Братья помогли Николаю пролезть через дыру и взобраться на сиденье. На прощанье Эрик сунул Николаю браунинг: «Возьми, пригодится». Тот отодвинул его руку: «Спасибо, я оружием не пользуюсь». «Ну, и дурак, тебе же хуже», – сказал анархист без всякой злобы.
Несмотря на все протесты Николая, Лиза уселась рядом с ним и приказала братьям встретиться в пять часов с Анной у кинотеатра «Марс». Она положила голову Николая к себе на плечо и осторожно дула на его распухшее лицо, чтобы облегчить страдания. Николай вспомнил, что Володя сегодня дежурит круглые сутки, и приказал извозчику ехать в городскую больницу.
Через час он уже лежал на кожаном диване в ординаторской. Его просветили рентгеном, всего осмотрели и прощупали каждую косточку. Все оказалось в относительном порядке, кроме двух сломанных пальцев на левой руке. Володя сам наложил на них два лонгета и туго перевязал бинтом.
Все это время Лиза терпеливо сидела в коридоре, ожидая, когда ей разрешат войти. Володя ей понравился. Внешне они с Николаем были похожи, только доктор, наверное, для солидности отрастил профессорскую бородку, и время от времени ее поглаживал. С этой бородкой он походил на тех светил, чьи портреты висели на стене рядом с кабинетом. Только те были в зрелом возрасте, а Володя – молодой, красивый и с веселыми огоньками в глазах. Видно было, что любит пошутить.
Ей надоело ждать. Она без стука вошла в кабинет. В этот момент сестра делала Коле укол в ягодицу. Увидев Лизу, она быстро опустила одеяло и недовольно буркнула:
– Больному нужен покой, ему ввели морфий.
Не обращая на нее внимания, Лиза села на диван рядом с Колей, погладила его по щеке.
– Лиза, умоляю тебя, поезжай домой, – сказал он слабым голосом. – Я здесь в надежных руках.
– Коленька, ты меня простил?
– Ты о чем? Забудь все.
– Давай больше никогда не ссориться.
– Я и не ссорился, хотел, чтобы ты кое-что поняла... Глупая! Мне стыдно, что я тут лежу в таком виде, не могу даже поцеловать, губы болят.
Лиза отодвинула примочки на его губах, нежно к ним прикоснулась, положила голову ему на грудь.
– Коля, мне страшно. Эти «союзники» за тобой охотятся, они могли тебя убить.

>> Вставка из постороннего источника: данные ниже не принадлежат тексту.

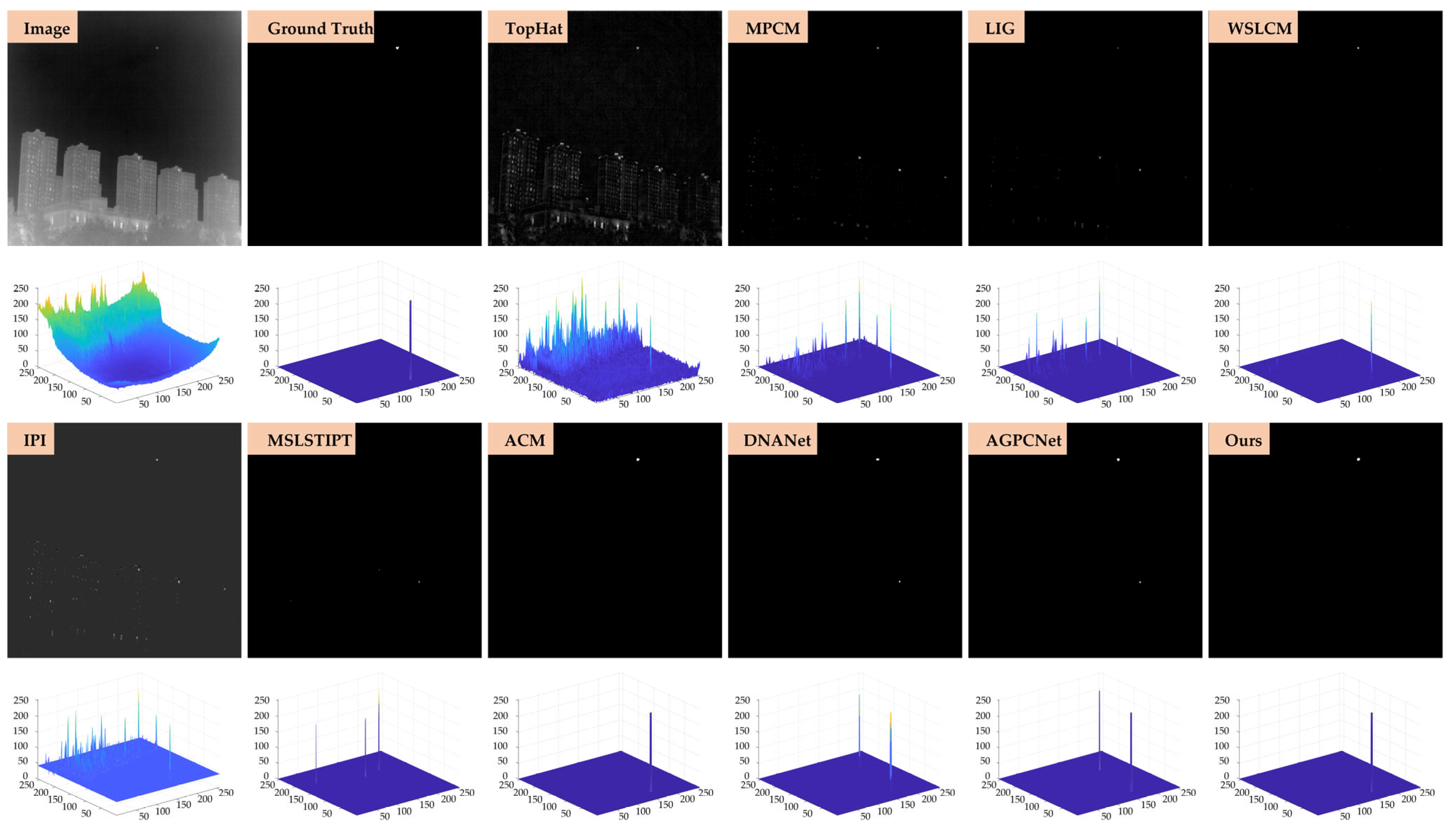 Remotesensing 17 03070 g013 Remotesensing 17 03070 g013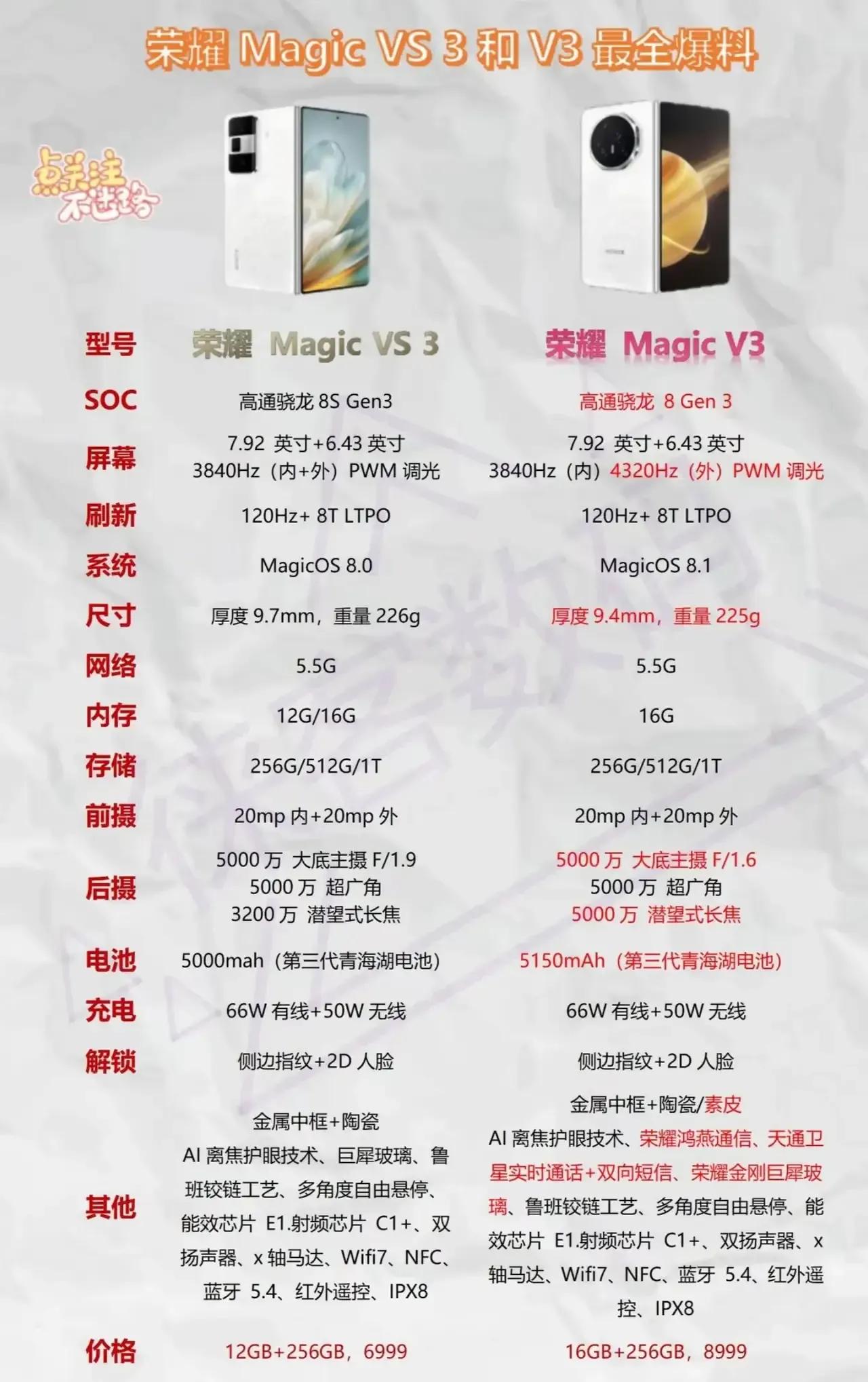 荣耀Magic Vs3与V3配置相近，V3轻薄优势微弱，仅0.3mm，特色在于卫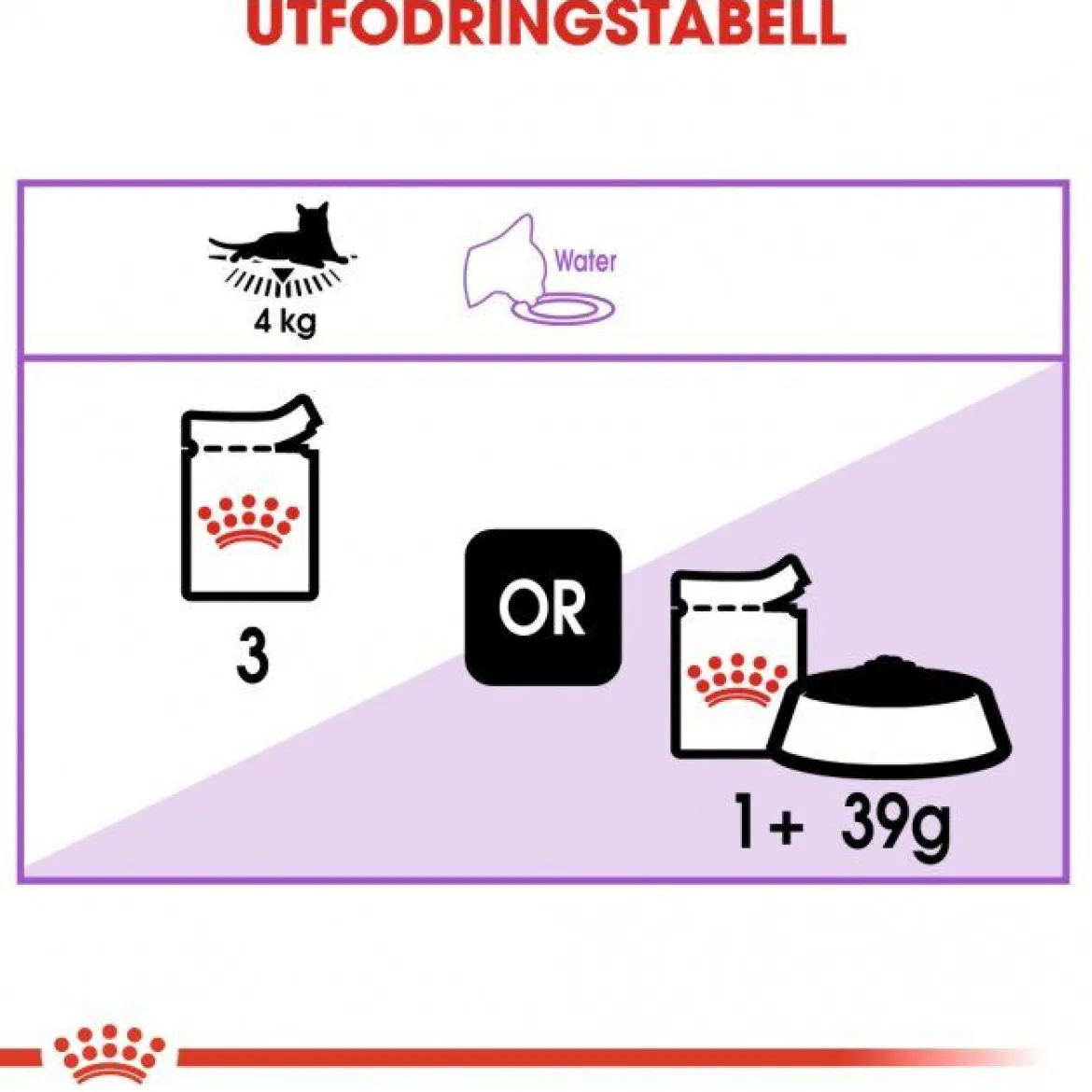 Royal Canin Sterilised Jelly Wet 12x85g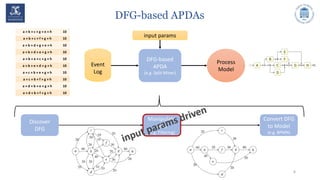 DFG-based APDAs
6
Process
Model
DFG-based
APDA
(e.g. Split Miner)
Event
Log
a » b » c » g » e » h 10
a » b » c » f » g » h 10
a » b » d » g » e » h 10
a » b » d » e » g » h 10
a » b » e » c » g » h 10
a » b » e » d » g » h 10
a » c » b » e » g » h 10
a » c » b » f » g » h 10
a » d » b » e » g » h 10
a » d » b » f » g » h 10
input params
6
Discover
DFG
Manipulate
DFG
(e.g. Filtering)
Convert DFG
to Model
(e.g. BPMN)
 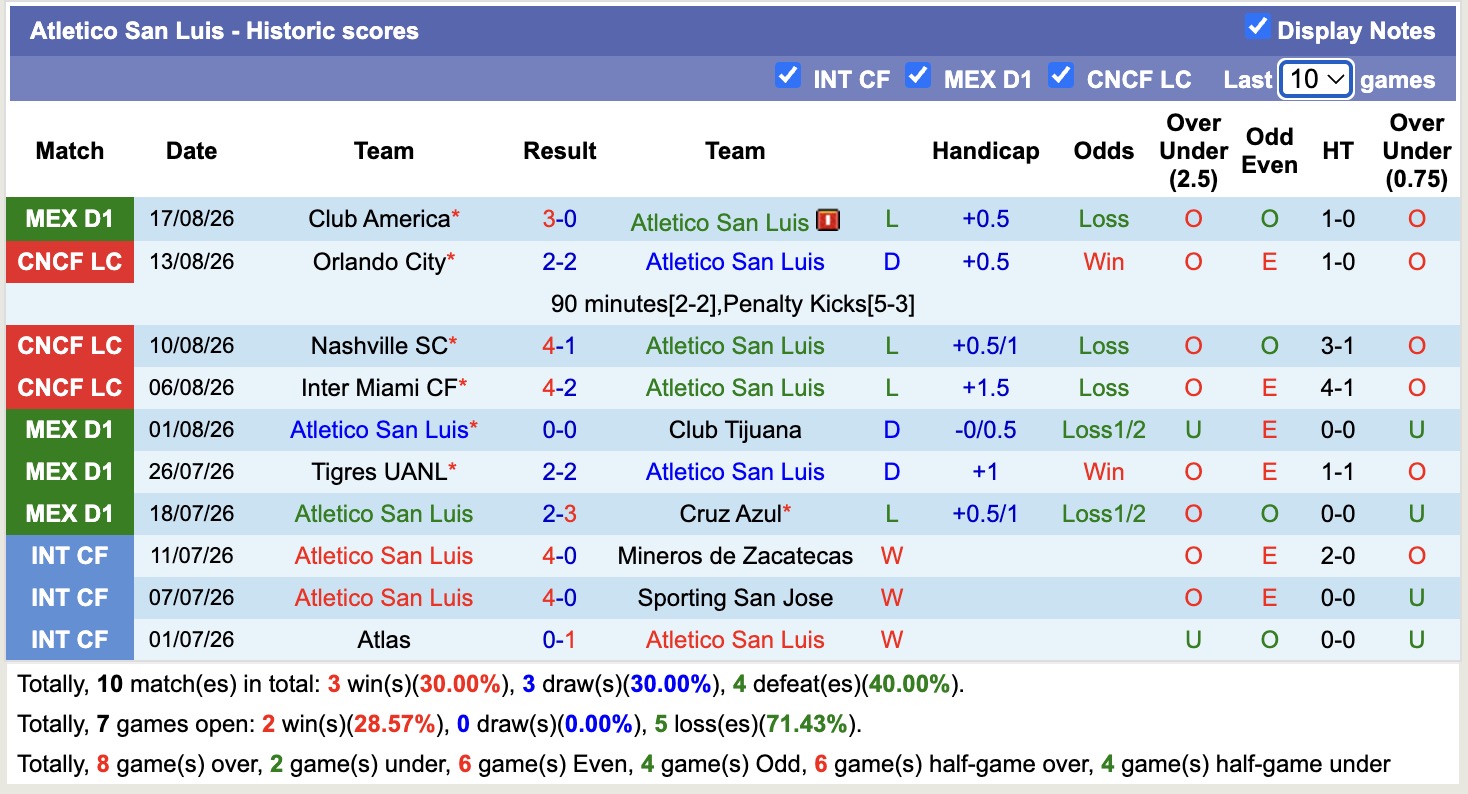 Nhận định, soi kèo San Luis vs Pachuca, 06h00 ngày 24/8: Niềm vui xa nhà - Ảnh 1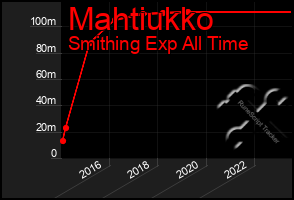 Total Graph of Mahtiukko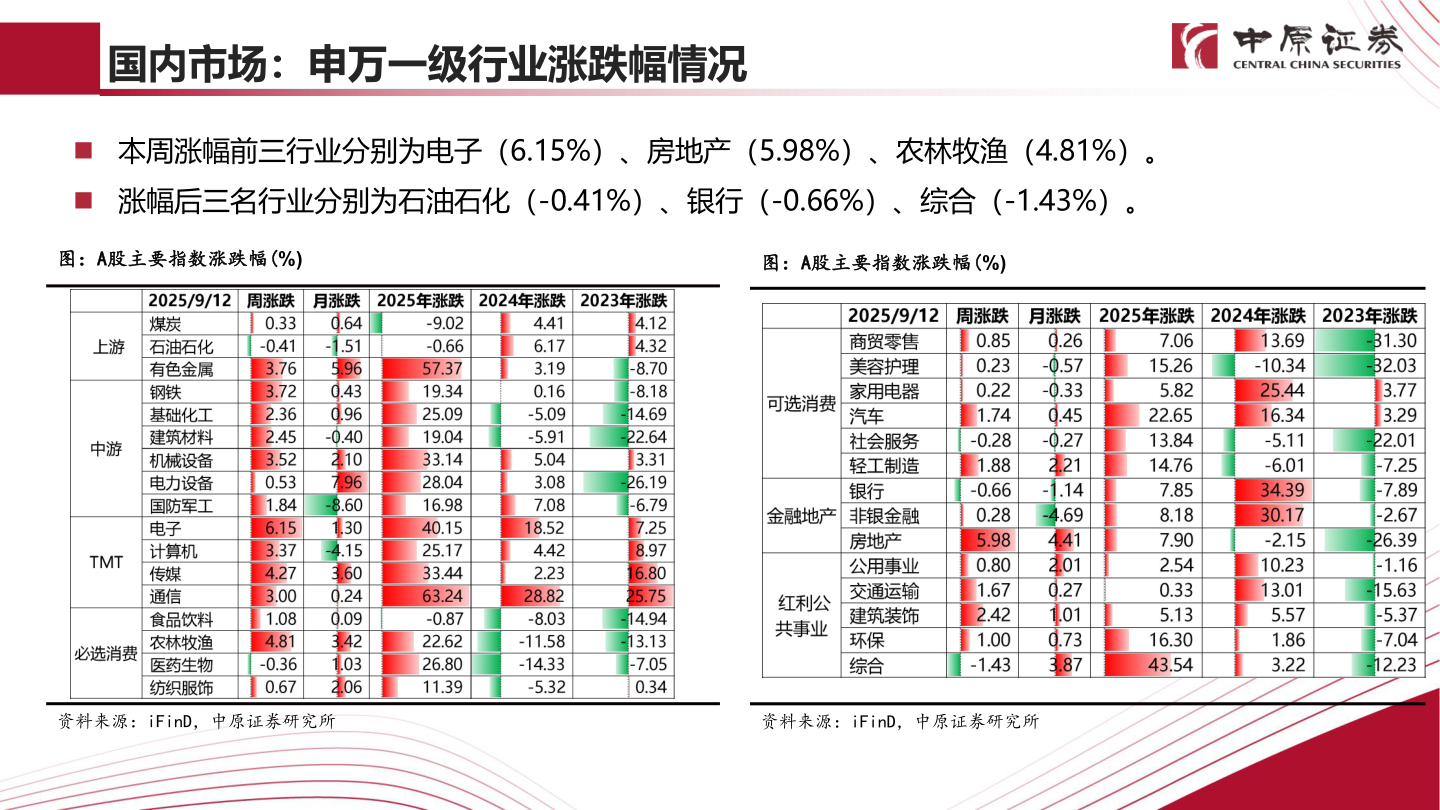 想问下各位网友国内市场：申万一级行业涨跌幅情况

– Ничего они не сделают, руки коротки.
– Ты зря не взял у Эрика браунинг, с оружием спокойней.
– Лизонька, не нагоняй на людей панику. И вообще я уже отключаюсь, у меня язык заплетается...
– Ты спи, спи, я сейчас уйду.
Володя пошел проводить ее до извозчика.
– Как вы думаете, сколько он у вас тут пробудет? – спросила она доктора.
Тот прежде, чем ответить, задумчиво погладил свою бородку. Лиза, как ей не было тяжело, улыбнулась.
– Здесь ему оставаться нельзя. Полиция после громких убийств обычно проверяет все больницы. Завтра у меня в восемь утра кончается дежурство, и я перевезу его к себе. По-хорошему ему нужно отлежаться недели две, но он попросил меня позвонить двум своим ученикам и перенести занятия только на три дня. Он не умеет болеть.
– Можно вам сюда позвонить?
– Конечно.
Володя вытащил из кармана халата блокнот, написал номер телефона ординаторской и, улыбаясь, протянул ей.
– Я вас, Лиза, знаю, был на вашем концерте в Зимнем театре, и Коля о вас много рассказывал. Вы так не переживайте за него, все образуется.
Лиза приехала домой почти вовремя, около девяти. У мамы были гости, ее дамы из Благотворительного фонда. Они весело беседовали и смеялись. Из кабинета вышел отец, облаченный в парадный сюртук, белоснежную сорочку с белой бабочкой и золотыми запонками на манжетах. Такой наряд обычно предназначался для гостей.
– А-а-а вернулась. Ну, как тебе фильм?
– Вполне приличный. Советую вам с мамой обязательно посмотреть.
– А Аннушке не понравился, сказала пустой: о пьянице, который влюбился в луну и очутился в звездных сферах.
– У нас с ней разные вкусы. По-моему, у режиссера хорошо развиты фантазия и чувство юмора.
Григорий Аронович с ней согласился и сообщил, что у мамы гости.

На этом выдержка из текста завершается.